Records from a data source
----------------------------------------

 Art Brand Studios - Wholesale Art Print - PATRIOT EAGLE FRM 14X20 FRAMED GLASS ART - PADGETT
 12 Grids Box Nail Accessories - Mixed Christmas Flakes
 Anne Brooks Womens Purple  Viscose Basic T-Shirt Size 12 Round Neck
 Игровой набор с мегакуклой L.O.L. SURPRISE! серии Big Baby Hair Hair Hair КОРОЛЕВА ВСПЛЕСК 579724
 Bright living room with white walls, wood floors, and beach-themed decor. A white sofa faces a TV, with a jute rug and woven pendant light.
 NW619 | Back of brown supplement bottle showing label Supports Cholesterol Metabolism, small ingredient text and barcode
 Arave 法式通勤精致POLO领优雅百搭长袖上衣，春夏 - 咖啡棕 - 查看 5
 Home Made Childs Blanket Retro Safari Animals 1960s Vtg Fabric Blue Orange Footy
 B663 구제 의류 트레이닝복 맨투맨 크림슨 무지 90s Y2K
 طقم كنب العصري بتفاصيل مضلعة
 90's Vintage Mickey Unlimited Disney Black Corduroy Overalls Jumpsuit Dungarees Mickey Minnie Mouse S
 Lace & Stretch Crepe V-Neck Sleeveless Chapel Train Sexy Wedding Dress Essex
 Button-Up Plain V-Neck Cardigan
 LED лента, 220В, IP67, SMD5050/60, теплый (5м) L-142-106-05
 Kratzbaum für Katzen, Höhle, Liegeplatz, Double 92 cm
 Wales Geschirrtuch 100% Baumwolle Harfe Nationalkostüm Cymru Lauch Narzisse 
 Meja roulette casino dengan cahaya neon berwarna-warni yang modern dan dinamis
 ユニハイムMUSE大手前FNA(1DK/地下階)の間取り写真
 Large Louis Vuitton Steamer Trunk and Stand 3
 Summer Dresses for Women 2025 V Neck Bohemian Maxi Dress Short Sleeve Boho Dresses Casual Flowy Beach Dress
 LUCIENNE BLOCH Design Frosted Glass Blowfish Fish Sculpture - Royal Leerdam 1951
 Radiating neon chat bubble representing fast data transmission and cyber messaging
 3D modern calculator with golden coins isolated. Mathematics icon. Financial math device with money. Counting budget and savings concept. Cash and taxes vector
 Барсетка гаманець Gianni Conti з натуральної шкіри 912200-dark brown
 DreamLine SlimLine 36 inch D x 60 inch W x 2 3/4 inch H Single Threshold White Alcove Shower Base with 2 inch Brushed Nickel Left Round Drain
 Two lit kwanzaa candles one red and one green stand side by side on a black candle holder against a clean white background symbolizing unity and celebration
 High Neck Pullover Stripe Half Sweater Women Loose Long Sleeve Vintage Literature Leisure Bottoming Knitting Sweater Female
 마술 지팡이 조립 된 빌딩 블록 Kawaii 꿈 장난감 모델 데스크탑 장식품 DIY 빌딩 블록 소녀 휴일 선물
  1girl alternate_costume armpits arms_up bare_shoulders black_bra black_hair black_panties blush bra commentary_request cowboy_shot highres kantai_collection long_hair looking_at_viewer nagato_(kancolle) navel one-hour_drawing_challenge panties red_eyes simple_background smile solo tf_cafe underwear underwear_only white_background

----------------------------------------

* **Try it**:
Please return all of the entries shown above, exactly as they stand.

* **Task response**:
 Art Brand Studios - Wholesale Art Print - PATRIOT EAGLE FRM 14X20 FRAMED GLASS ART - PADGETT
 12 Grids Box Nail Accessories - Mixed Christmas Flakes
 Anne Brooks Womens Purple  Viscose Basic T-Shirt Size 12 Round Neck
 Игровой набор с мегакуклой L.O.L. SURPRISE! серии Big Baby Hair Hair Hair КОРОЛЕВА ВСПЛЕСК 579724
 Bright living room with white walls, wood floors, and beach-themed decor. A white sofa faces a TV, with a jute rug and woven pendant light.
 NW619 | Back of brown supplement bottle showing label Supports Cholesterol Metabolism, small ingredient text and barcode
 Arave 法式通勤精致POLO领优雅百搭长袖上衣，春夏 - 咖啡棕 - 查看 5
 Home Made Childs Blanket Retro Safari Animals 1960s Vtg Fabric Blue Orange Footy
 B663 구제 의류 트레이닝복 맨투맨 크림슨 무지 90s Y2K
 طقم كنب العصري بتفاصيل مضلعة
 90's Vintage Mickey Unlimited Disney Black Corduroy Overalls Jumpsuit Dungarees Mickey Minnie Mouse S
 Lace & Stretch Crepe V-Neck Sleeveless Chapel Train Sexy Wedding Dress Essex
 Button-Up Plain V-Neck Cardigan
 LED лента, 220В, IP67, SMD5050/60, теплый (5м) L-142-106-05
 Kratzbaum für Katzen, Höhle, Liegeplatz, Double 92 cm
 Wales Geschirrtuch 100% Baumwolle Harfe Nationalkostüm Cymru Lauch Narzisse 
 Meja roulette casino dengan cahaya neon berwarna-warni yang modern dan dinamis
 ユニハイムMUSE大手前FNA(1DK/地下階)の間取り写真
 Large Louis Vuitton Steamer Trunk and Stand 3
 Summer Dresses for Women 2025 V Neck Bohemian Maxi Dress Short Sleeve Boho Dresses Casual Flowy Beach Dress
 LUCIENNE BLOCH Design Frosted Glass Blowfish Fish Sculpture - Royal Leerdam 1951
 Radiating neon chat bubble representing fast data transmission and cyber messaging
 3D modern calculator with golden coins isolated. Mathematics icon. Financial math device with money. Counting budget and savings concept. Cash and taxes vector
 Барсетка гаманець Gianni Conti з натуральної шкіри 912200-dark brown
 DreamLine SlimLine 36 inch D x 60 inch W x 2 3/4 inch H Single Threshold White Alcove Shower Base with 2 inch Brushed Nickel Left Round Drain
 Two lit kwanzaa candles one red and one green stand side by side on a black candle holder against a clean white background symbolizing unity and celebration
 High Neck Pullover Stripe Half Sweater Women Loose Long Sleeve Vintage Literature Leisure Bottoming Knitting Sweater Female
 마술 지팡이 조립 된 빌딩 블록 Kawaii 꿈 장난감 모델 데스크탑 장식품 DIY 빌딩 블록 소녀 휴일 선물
  1girl alternate_costume armpits arms_up bare_shoulders black_bra black_hair black_panties blush bra commentary_request cowboy_shot highres kantai_collection long_hair looking_at_viewer nagato_(kancolle) navel one-hour_drawing_challenge panties red_eyes simple_background smile solo tf_cafe underwear underwear_only white_background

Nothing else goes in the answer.